The double brace [[1]] returns the contents of the list item. In this case it is the contents of the first column, a vector of type character.

R 

nordic$country

OUTPUT 

[1] "Denmark" "Sweden"  "Norway"

This example uses the $ character to address items by name. country is the first column of the data frame, again a vector of type character.

R 

nordic["country"]

OUTPUT 

  country
1 Denmark
2  Sweden
3  Norway

Here we are using a single brace ["country"] replacing the index number with the column name. Like example 1, the returned object is a list.

R 

nordic[1, 1]

OUTPUT 

[1] "Denmark"

This example uses a single brace, but this time we provide row and column coordinates.

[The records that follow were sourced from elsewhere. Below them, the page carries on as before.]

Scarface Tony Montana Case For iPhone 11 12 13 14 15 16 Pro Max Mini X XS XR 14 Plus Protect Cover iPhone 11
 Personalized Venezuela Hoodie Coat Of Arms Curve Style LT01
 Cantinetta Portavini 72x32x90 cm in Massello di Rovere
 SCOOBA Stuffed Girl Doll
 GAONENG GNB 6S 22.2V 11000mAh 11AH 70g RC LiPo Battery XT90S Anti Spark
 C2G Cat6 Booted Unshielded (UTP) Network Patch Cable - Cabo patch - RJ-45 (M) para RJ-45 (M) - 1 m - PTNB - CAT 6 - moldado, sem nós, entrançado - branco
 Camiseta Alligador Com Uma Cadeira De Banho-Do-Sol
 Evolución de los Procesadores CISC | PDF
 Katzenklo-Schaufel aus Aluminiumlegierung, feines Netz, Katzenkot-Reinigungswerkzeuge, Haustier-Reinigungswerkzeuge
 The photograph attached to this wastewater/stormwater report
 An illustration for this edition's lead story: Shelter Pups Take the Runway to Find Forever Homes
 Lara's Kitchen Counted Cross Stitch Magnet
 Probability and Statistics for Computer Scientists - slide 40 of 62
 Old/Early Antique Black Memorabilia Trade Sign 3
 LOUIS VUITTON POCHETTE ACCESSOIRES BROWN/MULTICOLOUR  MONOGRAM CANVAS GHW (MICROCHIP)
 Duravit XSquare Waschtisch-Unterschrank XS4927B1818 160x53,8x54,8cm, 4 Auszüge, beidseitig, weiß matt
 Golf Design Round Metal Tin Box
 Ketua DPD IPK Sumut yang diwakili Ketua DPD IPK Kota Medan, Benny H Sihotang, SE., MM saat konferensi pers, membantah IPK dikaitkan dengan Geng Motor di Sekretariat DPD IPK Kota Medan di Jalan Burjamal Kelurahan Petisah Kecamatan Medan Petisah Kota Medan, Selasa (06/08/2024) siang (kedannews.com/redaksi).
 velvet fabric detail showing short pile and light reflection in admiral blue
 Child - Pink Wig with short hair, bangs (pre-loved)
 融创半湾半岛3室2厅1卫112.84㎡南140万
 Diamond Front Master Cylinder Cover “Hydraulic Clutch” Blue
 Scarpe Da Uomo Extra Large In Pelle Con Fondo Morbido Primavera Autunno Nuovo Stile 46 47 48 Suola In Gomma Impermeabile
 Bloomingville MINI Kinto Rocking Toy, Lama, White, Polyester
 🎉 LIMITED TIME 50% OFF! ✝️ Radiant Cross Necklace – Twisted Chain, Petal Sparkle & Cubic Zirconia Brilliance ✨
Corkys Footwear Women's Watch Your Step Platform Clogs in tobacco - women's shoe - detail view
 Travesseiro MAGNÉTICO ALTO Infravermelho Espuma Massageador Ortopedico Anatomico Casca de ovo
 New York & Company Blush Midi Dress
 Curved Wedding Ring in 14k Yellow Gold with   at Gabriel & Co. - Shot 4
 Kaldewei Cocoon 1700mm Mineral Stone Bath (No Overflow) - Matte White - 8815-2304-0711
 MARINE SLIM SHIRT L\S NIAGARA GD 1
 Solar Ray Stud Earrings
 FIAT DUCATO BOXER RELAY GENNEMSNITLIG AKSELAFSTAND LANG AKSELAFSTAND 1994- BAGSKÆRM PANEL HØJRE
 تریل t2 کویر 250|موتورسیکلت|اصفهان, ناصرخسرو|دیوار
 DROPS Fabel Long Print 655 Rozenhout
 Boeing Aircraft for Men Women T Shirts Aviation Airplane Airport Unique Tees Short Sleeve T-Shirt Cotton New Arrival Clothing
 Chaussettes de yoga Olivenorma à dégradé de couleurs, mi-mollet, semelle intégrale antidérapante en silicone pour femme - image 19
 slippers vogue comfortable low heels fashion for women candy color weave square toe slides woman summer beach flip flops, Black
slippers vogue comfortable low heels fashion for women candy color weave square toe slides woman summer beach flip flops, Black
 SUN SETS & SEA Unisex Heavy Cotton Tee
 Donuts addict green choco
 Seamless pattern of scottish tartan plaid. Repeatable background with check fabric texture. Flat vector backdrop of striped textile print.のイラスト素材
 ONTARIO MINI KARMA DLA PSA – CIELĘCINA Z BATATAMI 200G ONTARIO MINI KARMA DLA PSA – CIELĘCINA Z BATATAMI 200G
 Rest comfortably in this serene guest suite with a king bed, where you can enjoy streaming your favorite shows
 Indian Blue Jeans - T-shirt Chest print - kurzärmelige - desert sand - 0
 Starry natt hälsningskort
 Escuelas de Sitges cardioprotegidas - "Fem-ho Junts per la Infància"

The returned object is the value in row 1, column 1. The object is an character: the first value of the first vector in our nordic object.

R 

nordic[, 1]

OUTPUT 

[1] "Denmark" "Sweden"  "Norway"

Like the previous example we use single braces and provide row and column coordinates. The row coordinate is not specified, R interprets this missing value as all the elements in this column vector.

R 

nordic[1, ]

OUTPUT 

  country year lifeExp
1 Denmark 2002    77.2

Again we use the single brace with row and column coordinates. The column coordinate is not specified. The return value is a list containing all the values in the first row.

Key Points

  • Use read.csv to read tabular data in R.
  • The basic data types in R are double, integer, complex, logical, and character.
  • Use factors to represent categories in R.